I’ve sometimes wondered if it would have been nice to have a grave site to visit. You know someplace to leave flowers or to sit and carry on a one-sided conversation. If there was anything about post-mortem arrangements that were discussed in our year’s together, cremation was it. Not only did I know (early on) that Tom wanted to be cremated, I also knew that he wanted his remains dumped into the ocean. Of course, that’s exact what we did.
A few months after his death, on his would-be 50th birthday, the kids and I met up with Tom’s ex-wife and tossed him out to sea. The location was one where he and his ex-wife had scattered the ashes of their baby who died just two days after they celebrated her seemingly perfect entry into the world. It would seem that her heart did not develop fully.
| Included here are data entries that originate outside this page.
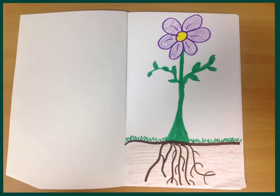In your STEM notebook, I'd like for you to turn to the next page so that you have two blank pages. On the right side of the page, I'd like for you to draw a flower similar to the picture I have shown. You can choose to make the flower any color you'd like, and if you don't have crayons, markers, or colored pencils at your house, you can simply draw it with a pencil.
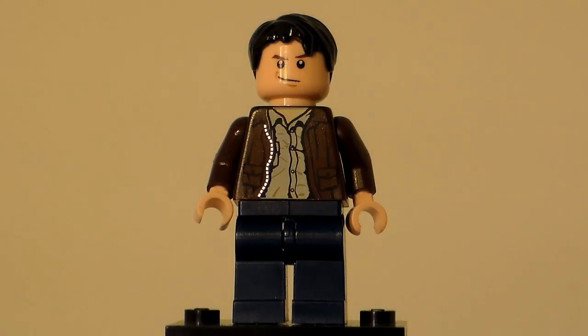Hey guys, LEGO BrickFan615 here coming to you with a video on my final LEGO Batman custom for right now. I might make some more later, but I'm not really planning on it. Possibly a custom Batgirl, but that would be kind of hard to make. I did respond to some people's comments saying I would look into it, and I might try, but it's going to be kind of hard. It might not turn out that good, and if it doesn't, I probably won't make a video of it.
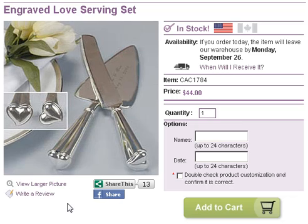Thank you for clicking on our video. This item is a cake cutting set. In most traditional wedding ceremonies or receptions, the bride and groom will cut the cake. This particular set can be customized and engraved with your names and wedding date.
She died on Christmas Day.
Every year, on the anniversary of her passing, Tom would take some time to himself and go to the beach. Sometimes it would be the beach where her ashes were discarded and other times not.
Tom fully believed that putting the ashes out to sea would allow them to travel the world. Every place where there was water there would be a part of that person. He also believed that, as a spirit, they would not be held to one place.
For this reason, it has always made perfect sense that YaYa and I send our roses (or other messages) to Tom from any beach. Furthermore, we could sit virtually anywhere and talk to him. Maybe that is why it never occurred to me that we’d not returned to that beach – until today.
Honestly, I’d planned to go. But it seems that the plans always changed last minute. This year as i consider heading to another beach, I wonder if I am free by thinking this way, OR stuck because I think this way.